The perils of an Israeli airstrike on Iran


Israel Crosses the Threshold

American and Israeli military planners have been examining options for an attack on Iran for almost three decades. There is no shortage of possible targets: Iran has dozens of nuclear-related sites that are known to western officials.


Yet military experts in Washington and Tel Aviv acknowledge that a surprise airstrike would be likely to succeed only in delaying Iran’s development of nuclear weapons. It would also present daunting logistical and political challenges with no guarantee that even a sustained assault on known facilities would eradicate Tehran’s nuclear threat.

With President Barack Obama committed to diplomatic pressure, the most likely military scenarios involve Israeli airstrikes that would require mid-air refuelling and long flights through potentially hostile Arab air space. “Anyone who meets regularly with senior Israeli officials knows that Israel is considering military options ... with an understanding that they pose serious problems and risks,” said Anthony Cordesman, a former Pentagon planner.

The three likeliest targets for an Israeli attack are reactors at Bushehr and Arak and a centrifuge production facility at Natanz. All are 1,000 miles or more from Israel, at the outer operating margins of Israeli air force bombers.

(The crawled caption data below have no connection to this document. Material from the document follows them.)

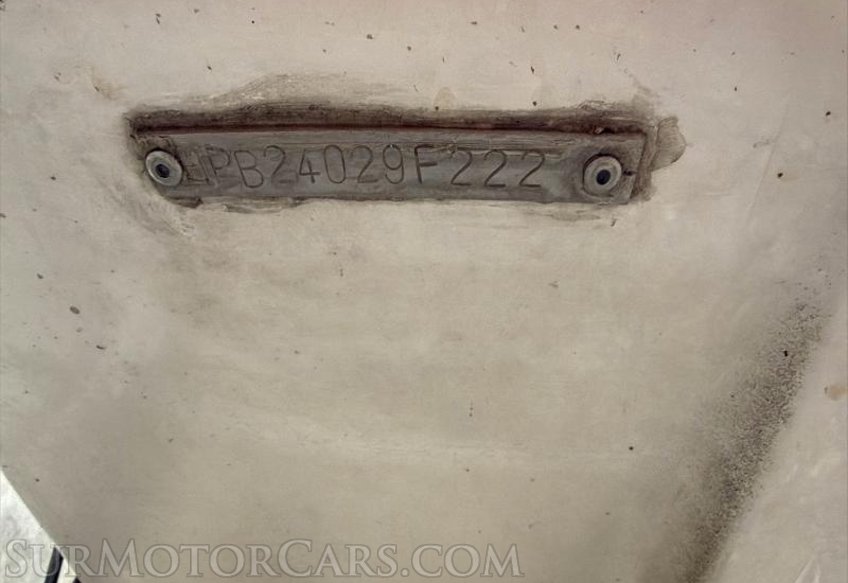 2022 25 F HAWAIIAN - Image 8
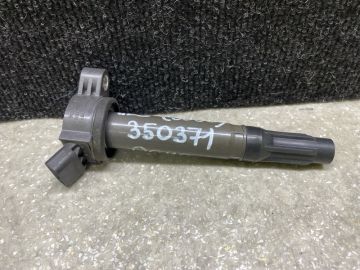Котушка запалювання LEXUS ES350 06-12
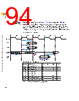 C5EC3EARCH-RM/D Datasheet HTML 94Page - NXP Semiconductors 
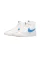 Кросівки Nike Blazer Mid 77 Vintage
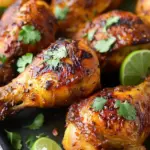 Best Pollo Asado Recipe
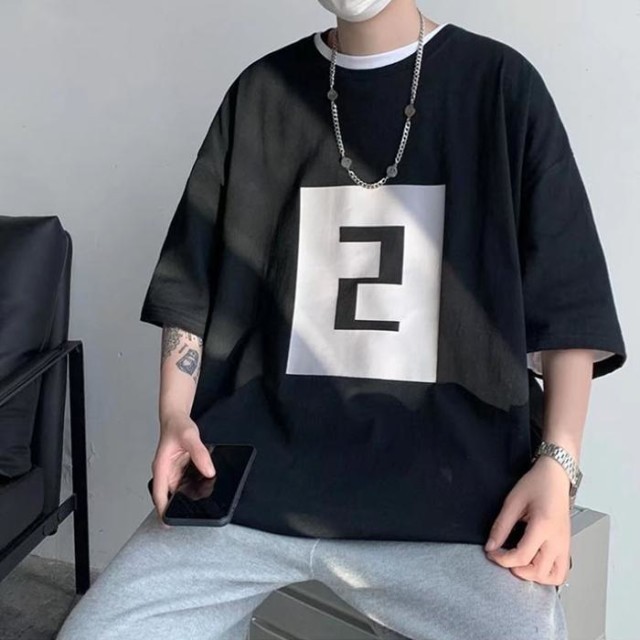 투엔 이미지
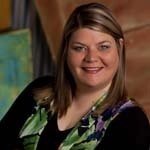 Keri Wilson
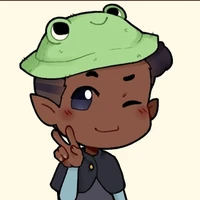 gus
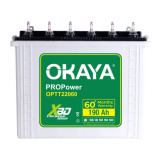 okayabatteries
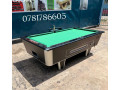 new-billiards-for-sale-from-950-000-frw-to-2-million-frw-small-2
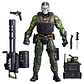 [PRV] Grim Viper, G.I. Joe - Classified Series - thumbnail 2
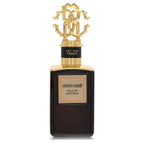 Roberto Cavalli Roberto Cavalli Velour Saffron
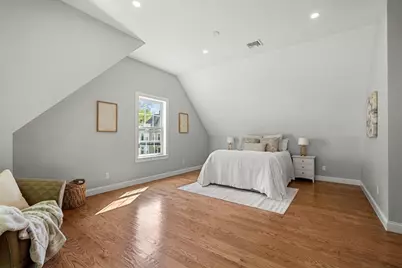 6 Monroe Street, Amesbury, MA 01913 - Photo 28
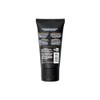 4on TotalGrip - Non Slip to Improve Padel Shovel Grip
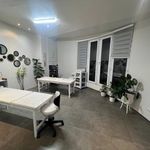 کلینیک پوست و زیبایی مهرتاج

The Bushehr light water reactor is being built and fuelled by Russia and is not yet operational. Any attack on it would be certain to infuriate Moscow and might provoke the Russians into supplying Iran with more advanced anti-aircraft defences.

The heavy water reactor at Arak has been at least partially sheltered from air attack and is not expected to be completed for several years.

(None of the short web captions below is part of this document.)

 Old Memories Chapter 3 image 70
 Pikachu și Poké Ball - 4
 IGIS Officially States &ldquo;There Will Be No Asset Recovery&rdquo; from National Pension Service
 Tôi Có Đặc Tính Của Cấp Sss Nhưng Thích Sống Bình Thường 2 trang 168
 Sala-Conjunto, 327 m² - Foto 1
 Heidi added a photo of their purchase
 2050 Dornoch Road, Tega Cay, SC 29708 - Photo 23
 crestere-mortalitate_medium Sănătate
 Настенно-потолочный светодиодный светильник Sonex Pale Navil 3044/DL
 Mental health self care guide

The Natanz facilities have also been sheltered underground and are defended by short-range Russian TOR-M surfaceto-air missiles.

The Israeli air force is equipped with US-supplied GBU-28 earth-penetrating bombs designed to destroy underground targets. Israel may also have developed its own variant of a nuclear-tipped bunker-busting bomb.

Yet the real problem for military planners is that no outside agency has a clear idea of where else Iran may have hidden its weapons-related technologies, notably the long-range missiles that might one day deliver nuclear warheads.

“It is doubtful that even the US knows all the potential targets,” said Cordesman. “They may now be in too many places for an Israeli strike to destroy Iran’s capabilities.”

US experts believe that while Israel unquestionably has the military capability — and may have the political will — to mount a long-range attack, it could not sustain the kind of long-term barrage that Washington launched against Baghdad in the early phases of two Gulf wars.

The diplomatic uproar that would be certain to follow any Israeli attack might limit Tel Aviv to a one-off operation that it could never hope to repeat. “That would not be on the scale required to do more than delay parts of the Iranian programme,” said Cordesman.

Only if America joined in would Iran have reason to worry. There is no immediate likelihood of a US military strike; but there are still some in Tel Aviv who believe that an Israeli raid might force Obama’s hand and persuade the Pentagon to join the attack.